Trumpeter Yoshio Toyama came all the way from Japan to perform at last weekend’s celebration of the birth of one of the founding fathers of jazz — Louis “Satchmo” Armstrong. The 63-year-old Toyama was just 20 when he had a chance to meet and perform with Armstrong in Tokyo in 1964.

“I love Louis Armstrong,” said Toyama, a small man who belted out some of Satchmo’s biggest hits — including What a Wonderful World — at an outdoor birthday party on August 3 in Armstrong Park.

“I’m very proud to be here to play for him,” said Toyama, standing next to a large bronze statue of the jazz king who was born in New Orleans more than a century ago. The party, complete with a large cake and ice cream, kicked off a weekend of music billed as the Satchmo Summerfest.

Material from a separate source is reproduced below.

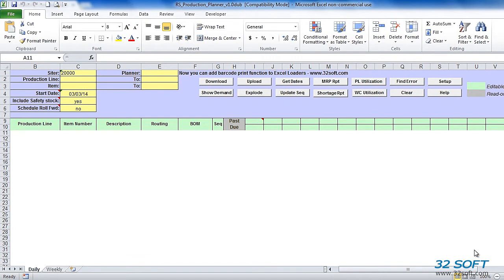Welcome to the demonstration of the 32Soft Production Planner for the repetitive manufacturing environment in QAD. This tool has been designed to allow efficient maintenance of production schedules in QAD. Production Planner provides real-time access to QAD data and instant visibility of scheduled quantities, available resources, and planned demands, all in easy-to-use Excel spreadsheets.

On August 4, performers included the Storyville Stompers and the Louis Armstrong Society jazz band, featuring vocalist Charmaine Neville from one of New Orleans’ famed musical families. The Treme brass band held a children’s workshop, where kids brought their instruments on stage and performed with the band. Satchmo himself loved to perform for children on his porch in the working-class Corona neighbourhood in the New York City borough of Queens.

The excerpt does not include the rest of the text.